Work order: Which lines in the records below hold the word "Pink"? Copy each of them.

Material shown:
----
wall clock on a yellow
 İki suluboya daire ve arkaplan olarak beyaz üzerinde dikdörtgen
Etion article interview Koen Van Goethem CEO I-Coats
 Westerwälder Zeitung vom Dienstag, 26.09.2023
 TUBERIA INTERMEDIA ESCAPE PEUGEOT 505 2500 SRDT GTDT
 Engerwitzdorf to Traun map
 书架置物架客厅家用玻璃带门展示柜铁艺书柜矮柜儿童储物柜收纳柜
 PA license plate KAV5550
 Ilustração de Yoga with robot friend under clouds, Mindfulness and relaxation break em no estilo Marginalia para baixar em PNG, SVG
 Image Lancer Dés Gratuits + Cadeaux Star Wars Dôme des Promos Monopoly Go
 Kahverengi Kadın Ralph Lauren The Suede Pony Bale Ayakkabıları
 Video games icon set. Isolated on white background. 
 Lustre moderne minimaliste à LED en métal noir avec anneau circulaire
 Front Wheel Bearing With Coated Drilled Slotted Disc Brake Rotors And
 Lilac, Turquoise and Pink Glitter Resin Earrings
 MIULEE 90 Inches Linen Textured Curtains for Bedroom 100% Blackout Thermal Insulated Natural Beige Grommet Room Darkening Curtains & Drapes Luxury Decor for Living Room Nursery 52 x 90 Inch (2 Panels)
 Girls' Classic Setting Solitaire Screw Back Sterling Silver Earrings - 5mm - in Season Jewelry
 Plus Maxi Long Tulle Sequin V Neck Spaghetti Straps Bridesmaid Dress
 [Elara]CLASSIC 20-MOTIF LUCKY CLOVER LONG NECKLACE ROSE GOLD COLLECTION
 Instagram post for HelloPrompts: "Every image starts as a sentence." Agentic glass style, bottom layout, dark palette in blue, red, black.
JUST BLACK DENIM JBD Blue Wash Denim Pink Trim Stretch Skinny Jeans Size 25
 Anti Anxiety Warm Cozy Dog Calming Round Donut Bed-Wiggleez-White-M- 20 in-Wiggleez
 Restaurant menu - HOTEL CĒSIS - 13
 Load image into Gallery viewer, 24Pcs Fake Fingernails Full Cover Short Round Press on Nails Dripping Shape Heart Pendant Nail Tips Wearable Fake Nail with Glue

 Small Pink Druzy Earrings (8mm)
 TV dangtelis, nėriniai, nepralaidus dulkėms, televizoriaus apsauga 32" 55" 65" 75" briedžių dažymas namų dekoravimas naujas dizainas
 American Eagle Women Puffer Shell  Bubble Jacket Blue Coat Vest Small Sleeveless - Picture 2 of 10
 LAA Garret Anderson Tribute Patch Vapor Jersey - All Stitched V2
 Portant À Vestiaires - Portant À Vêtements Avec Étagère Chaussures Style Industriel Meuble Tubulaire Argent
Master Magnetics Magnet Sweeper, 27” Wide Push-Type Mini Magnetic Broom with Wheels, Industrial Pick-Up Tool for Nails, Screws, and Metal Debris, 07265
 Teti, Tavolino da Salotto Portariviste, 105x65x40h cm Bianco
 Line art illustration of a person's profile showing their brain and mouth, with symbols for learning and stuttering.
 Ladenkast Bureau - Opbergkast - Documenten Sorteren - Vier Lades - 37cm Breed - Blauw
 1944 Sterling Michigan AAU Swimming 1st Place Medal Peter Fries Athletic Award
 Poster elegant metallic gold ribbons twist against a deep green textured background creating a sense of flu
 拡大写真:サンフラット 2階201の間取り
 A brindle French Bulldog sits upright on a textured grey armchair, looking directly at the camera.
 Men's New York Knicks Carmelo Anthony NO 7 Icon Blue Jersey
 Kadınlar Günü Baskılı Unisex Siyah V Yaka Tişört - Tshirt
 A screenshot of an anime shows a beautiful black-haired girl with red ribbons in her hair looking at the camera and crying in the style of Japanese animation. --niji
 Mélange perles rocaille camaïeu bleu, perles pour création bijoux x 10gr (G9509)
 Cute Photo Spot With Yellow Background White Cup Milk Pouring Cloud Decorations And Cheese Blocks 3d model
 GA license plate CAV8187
----
Result for this exercise:
 Lilac, Turquoise and Pink Glitter Resin Earrings
JUST BLACK DENIM JBD Blue Wash Denim Pink Trim Stretch Skinny Jeans Size 25
 Small Pink Druzy Earrings (8mm)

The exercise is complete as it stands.